### What to work on
Please repeat the lines below exactly. Begin with the line containing "a bedroom with" and go on through the line containing "Brown cotton hoodie".

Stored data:
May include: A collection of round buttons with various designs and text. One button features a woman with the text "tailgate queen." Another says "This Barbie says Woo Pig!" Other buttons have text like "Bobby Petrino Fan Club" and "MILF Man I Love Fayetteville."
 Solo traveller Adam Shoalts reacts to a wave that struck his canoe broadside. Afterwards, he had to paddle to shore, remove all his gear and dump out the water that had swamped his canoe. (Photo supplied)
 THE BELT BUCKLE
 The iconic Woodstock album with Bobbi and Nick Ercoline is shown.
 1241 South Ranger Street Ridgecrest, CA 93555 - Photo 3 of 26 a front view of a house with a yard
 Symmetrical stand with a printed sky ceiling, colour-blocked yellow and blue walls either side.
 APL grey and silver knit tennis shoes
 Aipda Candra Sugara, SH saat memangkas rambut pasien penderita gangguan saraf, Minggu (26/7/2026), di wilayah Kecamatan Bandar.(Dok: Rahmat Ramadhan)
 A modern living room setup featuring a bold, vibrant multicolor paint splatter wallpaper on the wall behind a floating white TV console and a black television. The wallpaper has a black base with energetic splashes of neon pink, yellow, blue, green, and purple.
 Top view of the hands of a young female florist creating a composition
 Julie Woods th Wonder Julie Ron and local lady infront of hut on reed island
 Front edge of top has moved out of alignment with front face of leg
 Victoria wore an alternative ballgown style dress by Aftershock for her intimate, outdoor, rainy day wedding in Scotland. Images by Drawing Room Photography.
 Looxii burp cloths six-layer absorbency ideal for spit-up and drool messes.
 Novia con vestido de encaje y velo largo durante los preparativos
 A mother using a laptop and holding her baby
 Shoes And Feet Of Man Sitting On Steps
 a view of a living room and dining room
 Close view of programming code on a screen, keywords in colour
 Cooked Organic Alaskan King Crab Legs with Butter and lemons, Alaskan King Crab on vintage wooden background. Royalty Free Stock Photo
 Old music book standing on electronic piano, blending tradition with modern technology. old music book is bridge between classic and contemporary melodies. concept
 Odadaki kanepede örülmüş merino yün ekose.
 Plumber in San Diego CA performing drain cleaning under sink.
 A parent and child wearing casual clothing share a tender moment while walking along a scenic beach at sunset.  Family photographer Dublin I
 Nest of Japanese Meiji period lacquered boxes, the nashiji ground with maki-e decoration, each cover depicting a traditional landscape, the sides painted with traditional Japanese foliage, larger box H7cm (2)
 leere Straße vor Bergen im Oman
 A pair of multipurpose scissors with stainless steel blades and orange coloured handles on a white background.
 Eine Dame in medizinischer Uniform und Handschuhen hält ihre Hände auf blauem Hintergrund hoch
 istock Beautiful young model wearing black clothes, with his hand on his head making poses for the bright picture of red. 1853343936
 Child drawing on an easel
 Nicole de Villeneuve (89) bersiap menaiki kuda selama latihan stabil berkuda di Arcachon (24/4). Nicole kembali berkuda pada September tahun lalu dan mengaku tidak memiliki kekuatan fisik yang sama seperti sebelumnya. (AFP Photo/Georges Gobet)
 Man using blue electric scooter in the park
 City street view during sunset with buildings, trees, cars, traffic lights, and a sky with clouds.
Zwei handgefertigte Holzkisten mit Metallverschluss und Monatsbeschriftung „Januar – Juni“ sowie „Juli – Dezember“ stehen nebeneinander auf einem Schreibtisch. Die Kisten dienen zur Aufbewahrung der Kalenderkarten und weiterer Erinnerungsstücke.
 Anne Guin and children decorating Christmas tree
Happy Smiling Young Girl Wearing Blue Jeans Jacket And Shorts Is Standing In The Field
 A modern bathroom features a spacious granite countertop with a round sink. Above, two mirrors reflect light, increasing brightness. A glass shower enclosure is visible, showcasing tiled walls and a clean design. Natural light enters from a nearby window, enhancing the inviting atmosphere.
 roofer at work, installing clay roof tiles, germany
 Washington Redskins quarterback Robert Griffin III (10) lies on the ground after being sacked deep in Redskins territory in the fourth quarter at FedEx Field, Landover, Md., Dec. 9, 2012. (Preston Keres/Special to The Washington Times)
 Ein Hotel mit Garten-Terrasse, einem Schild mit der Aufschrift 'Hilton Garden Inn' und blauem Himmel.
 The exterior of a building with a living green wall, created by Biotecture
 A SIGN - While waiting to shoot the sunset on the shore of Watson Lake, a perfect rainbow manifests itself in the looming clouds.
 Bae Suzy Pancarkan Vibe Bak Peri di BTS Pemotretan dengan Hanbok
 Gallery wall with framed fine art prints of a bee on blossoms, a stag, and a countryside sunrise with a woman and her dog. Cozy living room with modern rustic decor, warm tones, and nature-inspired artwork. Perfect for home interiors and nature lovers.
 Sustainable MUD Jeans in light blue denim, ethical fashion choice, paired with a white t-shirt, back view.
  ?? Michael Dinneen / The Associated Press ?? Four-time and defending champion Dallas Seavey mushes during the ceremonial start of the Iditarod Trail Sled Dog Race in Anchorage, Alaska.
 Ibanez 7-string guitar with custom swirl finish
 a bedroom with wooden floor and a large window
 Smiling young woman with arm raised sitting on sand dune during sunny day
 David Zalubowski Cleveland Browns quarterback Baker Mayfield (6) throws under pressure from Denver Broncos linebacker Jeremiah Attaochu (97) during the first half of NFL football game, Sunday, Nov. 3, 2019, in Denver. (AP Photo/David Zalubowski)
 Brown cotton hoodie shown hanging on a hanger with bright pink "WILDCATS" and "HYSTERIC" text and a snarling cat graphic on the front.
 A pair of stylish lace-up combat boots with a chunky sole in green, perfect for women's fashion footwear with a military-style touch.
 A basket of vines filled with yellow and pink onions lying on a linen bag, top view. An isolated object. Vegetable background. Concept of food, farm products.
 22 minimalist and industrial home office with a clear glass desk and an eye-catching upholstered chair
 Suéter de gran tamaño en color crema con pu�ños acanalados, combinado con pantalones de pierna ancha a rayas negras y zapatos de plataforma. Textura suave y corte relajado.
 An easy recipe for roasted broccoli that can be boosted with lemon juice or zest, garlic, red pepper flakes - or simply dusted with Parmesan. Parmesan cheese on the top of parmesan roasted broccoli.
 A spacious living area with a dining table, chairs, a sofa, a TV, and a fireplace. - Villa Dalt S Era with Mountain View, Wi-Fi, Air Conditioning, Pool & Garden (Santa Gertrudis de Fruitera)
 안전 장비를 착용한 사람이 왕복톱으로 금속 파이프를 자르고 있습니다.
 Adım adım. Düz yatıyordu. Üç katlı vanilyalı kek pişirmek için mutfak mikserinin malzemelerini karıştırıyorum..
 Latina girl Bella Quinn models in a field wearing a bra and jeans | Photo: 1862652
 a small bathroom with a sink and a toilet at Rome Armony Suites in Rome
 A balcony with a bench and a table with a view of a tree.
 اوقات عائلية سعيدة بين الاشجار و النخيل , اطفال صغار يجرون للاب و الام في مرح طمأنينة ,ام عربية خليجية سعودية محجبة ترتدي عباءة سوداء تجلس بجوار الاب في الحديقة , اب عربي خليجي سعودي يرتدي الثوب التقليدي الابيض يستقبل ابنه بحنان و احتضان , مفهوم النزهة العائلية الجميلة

### Output of the task
 a bedroom with wooden floor and a large window
 Smiling young woman with arm raised sitting on sand dune during sunny day
 David Zalubowski Cleveland Browns quarterback Baker Mayfield (6) throws under pressure from Denver Broncos linebacker Jeremiah Attaochu (97) during the first half of NFL football game, Sunday, Nov. 3, 2019, in Denver. (AP Photo/David Zalubowski)
 Brown cotton hoodie shown hanging on a hanger with bright pink "WILDCATS" and "HYSTERIC" text and a snarling cat graphic on the front.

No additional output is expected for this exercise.